Tutti, nessuno escluso, sappiamo che quelle leggi meschine hanno tradito la razionalità umana, la dignità dei lavoratori, i principii fondamentali della nostra suprema carta: escludendo dal consesso civile, e privando persino del diritto al sostentamento, centinaia di migliaia di individui rei di aver rifiutato un trattamento sanitario dalla dubbia efficacia terapeutica, inidoneo a proteggere gli “altri”, potenzialmente foriero di conseguenze nefaste per se stessi.

Ebbene, la decisione della Consulta – a dispetto di quanto a tutti è noto, sul piano scientifico generale e su quello empirico individuale – ha  “salvato” la norma iniqua e buttato a mare le legittime aspettative di chi, da quella norma, è stato calpestato e vilipeso. Ciononostante, si illudeva chiunque (compreso chi scrive) auspicava una fine diversa. Perché la fine era già scritta, come usa dire. Ancor prima venisse sollevata, e accolta, la primitiva eccezione di incostituzionalità.

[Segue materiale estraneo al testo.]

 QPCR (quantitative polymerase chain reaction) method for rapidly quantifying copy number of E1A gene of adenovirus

Dopotutto, nel pronunciamento con cui il Giudice delle leggi ha dato conclusiva “copertura” costituzionale alle norme in questione c’è una sinistra coerenza, e una perversa “rettitudine”. Ma non, ovviamente, rispetto alla granitica giurisprudenza di quello stesso Giudice. Infatti, i due principali requisiti (stabiliti dal medesimo altissimo consesso in almeno tre precedenti occasioni) per imporre legittimamente un vaccino obbligatorio, nella fattispecie mancavano. Per la precisione: la salvaguardia della salute pubblica, da un lato, e l’assenza di effetti collaterali, se non tollerabili e transeunti, dall’altro.

Ma la “coerenza” e la “rettitudine” della Corte non hanno, nella circostanza, nulla a che vedere con il diritto. Semmai, con l’impianto narrativo di una delle più nere stagioni della nostra Repubblica e della nostra democrazia (ammesso che ancora esistano). Una “storia”, ormai scolorante nella leggenda, secondo cui – per salvare la vita e la salute collettive minacciate da una malattia  incurabile e letale al massimo grado – ben si poteva imporre ai consociati la somministrazione di un farmaco salvifico quanto innocuo.

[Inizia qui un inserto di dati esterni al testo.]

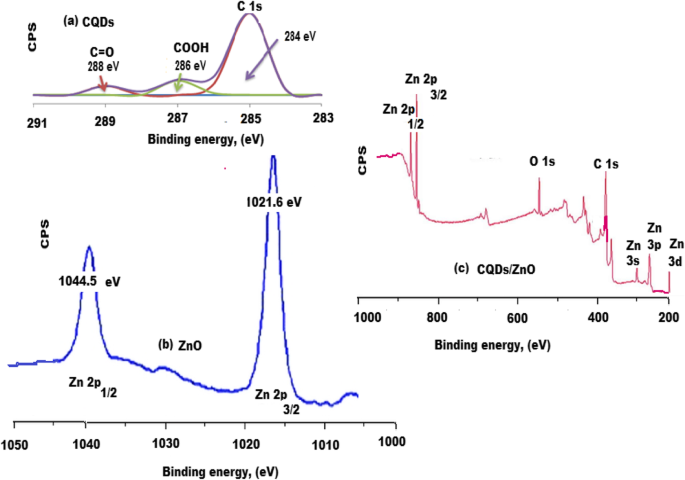 Rapid, Sensitive Fluorescence Immunoassay for CYFRA 21-1 Using Carbon Quantum Dot/Zinc Oxide Nanocomposite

Capite bene come tutto il biennio pandemico si regga su questa premessa fallace. Se essa fosse stata dichiarata infondata, l’intera successiva “costruzione di costrizioni”, discriminazioni, segregazioni, sorveglianze, punizioni (in una parola: infamie) sarebbe miseramente implosa. Ci sono motivi evidenti di carattere politico, sociale, psicologico, emotivo e financo di ordine pubblico per cui ciò non poteva, e non può, non doveva, e non deve, essere permesso e tollerato. Ma non canti vittoria troppo presto chi ha accettato, incoraggiato, o addirittura fiancheggiato il “sistema” dell’era pandemica. Persa la partita con la Giustizia, rimane aperta, e verrà vinta, quella con la Verità.